Recorded information:
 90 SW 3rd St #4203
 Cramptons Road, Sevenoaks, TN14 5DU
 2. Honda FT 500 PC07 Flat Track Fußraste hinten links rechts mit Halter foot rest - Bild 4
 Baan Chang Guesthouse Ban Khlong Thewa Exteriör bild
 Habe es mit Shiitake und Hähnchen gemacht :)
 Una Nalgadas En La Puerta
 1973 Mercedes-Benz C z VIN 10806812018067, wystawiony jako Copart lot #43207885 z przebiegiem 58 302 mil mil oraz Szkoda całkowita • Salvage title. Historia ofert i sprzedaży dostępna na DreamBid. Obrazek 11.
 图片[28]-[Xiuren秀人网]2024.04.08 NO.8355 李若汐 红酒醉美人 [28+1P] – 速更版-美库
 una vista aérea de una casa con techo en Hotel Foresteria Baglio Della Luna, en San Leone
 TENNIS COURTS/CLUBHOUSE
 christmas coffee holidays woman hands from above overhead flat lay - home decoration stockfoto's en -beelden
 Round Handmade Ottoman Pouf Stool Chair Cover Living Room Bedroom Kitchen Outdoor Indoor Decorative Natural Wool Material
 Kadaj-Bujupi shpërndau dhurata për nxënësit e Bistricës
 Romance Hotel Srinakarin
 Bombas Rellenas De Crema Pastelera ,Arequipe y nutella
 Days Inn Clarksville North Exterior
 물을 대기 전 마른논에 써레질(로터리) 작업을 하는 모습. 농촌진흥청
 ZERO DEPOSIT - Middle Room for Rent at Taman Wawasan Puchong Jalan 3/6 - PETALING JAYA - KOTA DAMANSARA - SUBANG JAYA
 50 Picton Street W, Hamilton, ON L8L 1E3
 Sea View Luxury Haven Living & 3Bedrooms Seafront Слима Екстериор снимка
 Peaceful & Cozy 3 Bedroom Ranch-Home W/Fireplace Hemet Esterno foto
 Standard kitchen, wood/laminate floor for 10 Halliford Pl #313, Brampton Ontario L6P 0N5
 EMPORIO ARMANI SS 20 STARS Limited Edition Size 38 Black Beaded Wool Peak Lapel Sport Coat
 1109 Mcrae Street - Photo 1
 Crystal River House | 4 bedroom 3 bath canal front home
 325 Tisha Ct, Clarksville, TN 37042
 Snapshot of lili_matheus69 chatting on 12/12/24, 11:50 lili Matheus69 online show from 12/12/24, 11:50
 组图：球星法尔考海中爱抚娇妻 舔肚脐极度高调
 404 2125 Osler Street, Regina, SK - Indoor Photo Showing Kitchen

Task goal:
Each line of the data above is to be set down exactly.

Finished exercise:
 90 SW 3rd St #4203
 Cramptons Road, Sevenoaks, TN14 5DU
 2. Honda FT 500 PC07 Flat Track Fußraste hinten links rechts mit Halter foot rest - Bild 4
 Baan Chang Guesthouse Ban Khlong Thewa Exteriör bild
 Habe es mit Shiitake und Hähnchen gemacht :)
 Una Nalgadas En La Puerta
 1973 Mercedes-Benz C z VIN 10806812018067, wystawiony jako Copart lot #43207885 z przebiegiem 58 302 mil mil oraz Szkoda całkowita • Salvage title. Historia ofert i sprzedaży dostępna na DreamBid. Obrazek 11.
 图片[28]-[Xiuren秀人网]2024.04.08 NO.8355 李若汐 红酒醉美人 [28+1P] – 速更版-美库
 una vista aérea de una casa con techo en Hotel Foresteria Baglio Della Luna, en San Leone
 TENNIS COURTS/CLUBHOUSE
 christmas coffee holidays woman hands from above overhead flat lay - home decoration stockfoto's en -beelden
 Round Handmade Ottoman Pouf Stool Chair Cover Living Room Bedroom Kitchen Outdoor Indoor Decorative Natural Wool Material
 Kadaj-Bujupi shpërndau dhurata për nxënësit e Bistricës
 Romance Hotel Srinakarin
 Bombas Rellenas De Crema Pastelera ,Arequipe y nutella
 Days Inn Clarksville North Exterior
 물을 대기 전 마른논에 써레질(로터리) 작업을 하는 모습. 농촌진흥청
 ZERO DEPOSIT - Middle Room for Rent at Taman Wawasan Puchong Jalan 3/6 - PETALING JAYA - KOTA DAMANSARA - SUBANG JAYA
 50 Picton Street W, Hamilton, ON L8L 1E3
 Sea View Luxury Haven Living & 3Bedrooms Seafront Слима Екстериор снимка
 Peaceful & Cozy 3 Bedroom Ranch-Home W/Fireplace Hemet Esterno foto
 Standard kitchen, wood/laminate floor for 10 Halliford Pl #313, Brampton Ontario L6P 0N5
 EMPORIO ARMANI SS 20 STARS Limited Edition Size 38 Black Beaded Wool Peak Lapel Sport Coat
 1109 Mcrae Street - Photo 1
 Crystal River House | 4 bedroom 3 bath canal front home
 325 Tisha Ct, Clarksville, TN 37042
 Snapshot of lili_matheus69 chatting on 12/12/24, 11:50 lili Matheus69 online show from 12/12/24, 11:50
 组图：球星法尔考海中爱抚娇妻 舔肚脐极度高调
 404 2125 Osler Street, Regina, SK - Indoor Photo Showing Kitchen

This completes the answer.